Pictures with short captions
%%
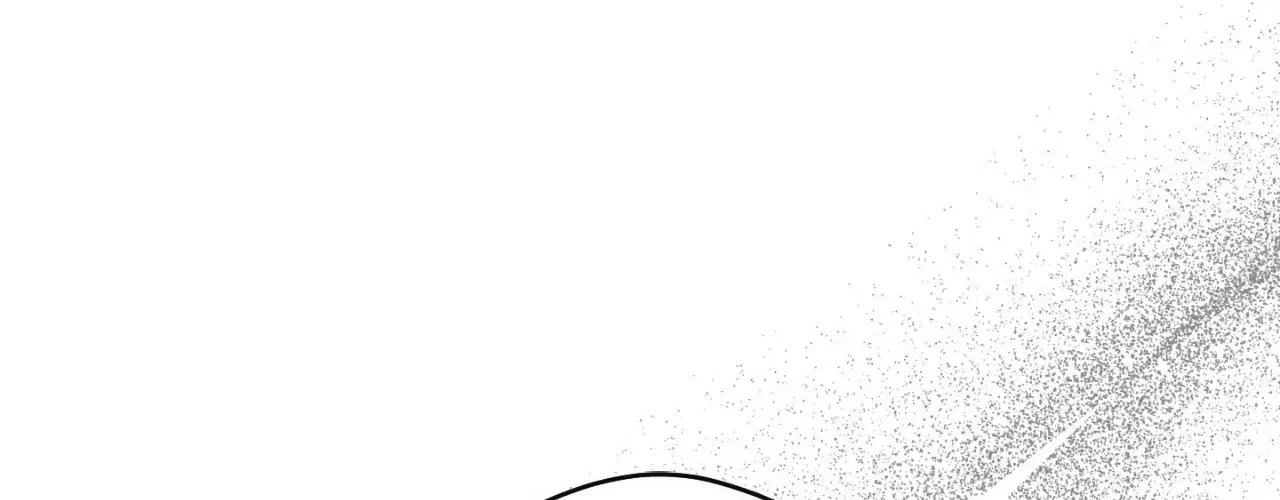 My Sassy Celebrity chapter 56 page 101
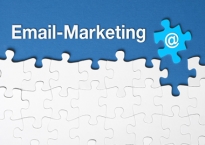 4 chức năng quan trọng của một phần mềm email marketing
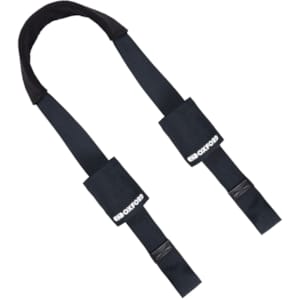 Straps OXFORD Handlebar harness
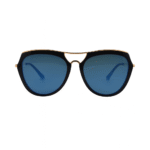 ⁦SW 251⁩ - الصورة ⁦8⁩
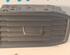 Dashboard ventilatierooster VW CADDY III Box Body/MPV (2KA, 2KH, 2CA, 2CH)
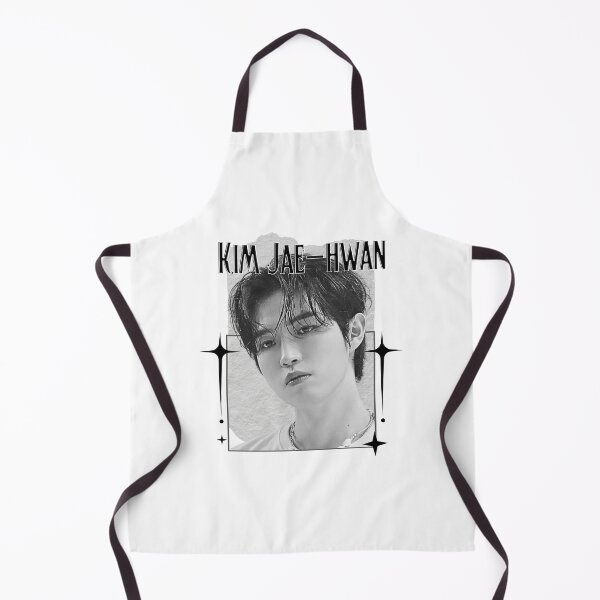 Item preview, Wanna One Kim Jae-hwanLegendary K-Pop Boy Group Korean pop idols Kpop legends designed and sold by HELL0WBELLO.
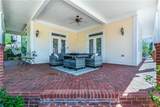 88 Sloan Street - Photo 5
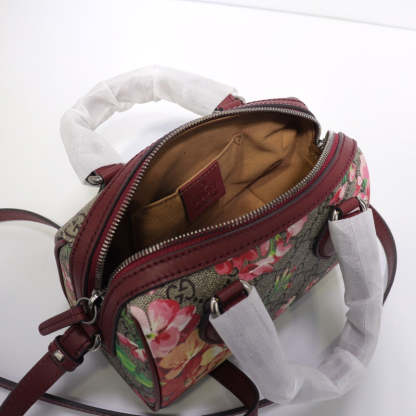 Caramew - GCI Bags - 3709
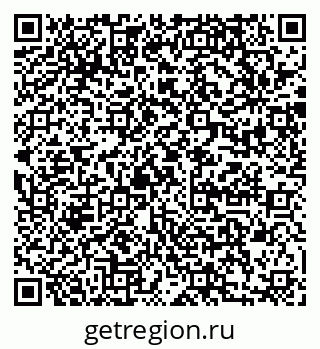 79280910948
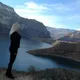 Юля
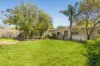 68 Sargood Street, Hampton, Vic 3188-Image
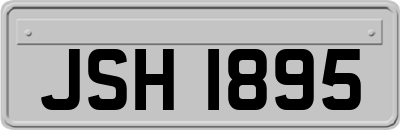 JSH1895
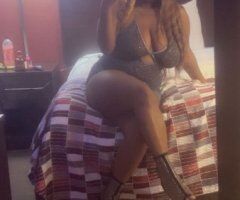 $100 Car dates Your sweetest escape to your wildest fantasy 😩COME ENJOY THIS REAL TIGHT PUSSY💦✨ - 21 - Image 2
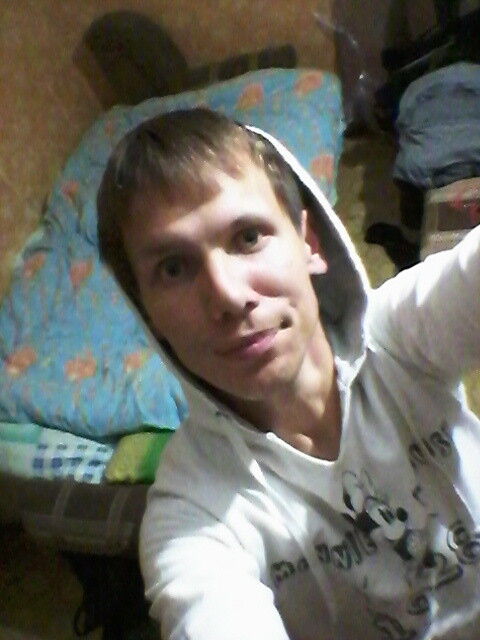  10277567  , 32 ,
%%
WHAT THE TASK REQUIRES:
All lines from the one that contains "Item preview, Wanna" through the last line of the data should be retyped exactly, with the pictures left out.

OUTPUT FOR THIS EXERCISE:
 Item preview, Wanna One Kim Jae-hwanLegendary K-Pop Boy Group Korean pop idols Kpop legends designed and sold by HELL0WBELLO.
 88 Sloan Street - Photo 5
 Caramew - GCI Bags - 3709
 79280910948
 Юля
 68 Sargood Street, Hampton, Vic 3188-Image
 JSH1895
 $100 Car dates Your sweetest escape to your wildest fantasy 😩COME ENJOY THIS REAL TIGHT PUSSY💦✨ - 21 - Image 2
  10277567  , 32 ,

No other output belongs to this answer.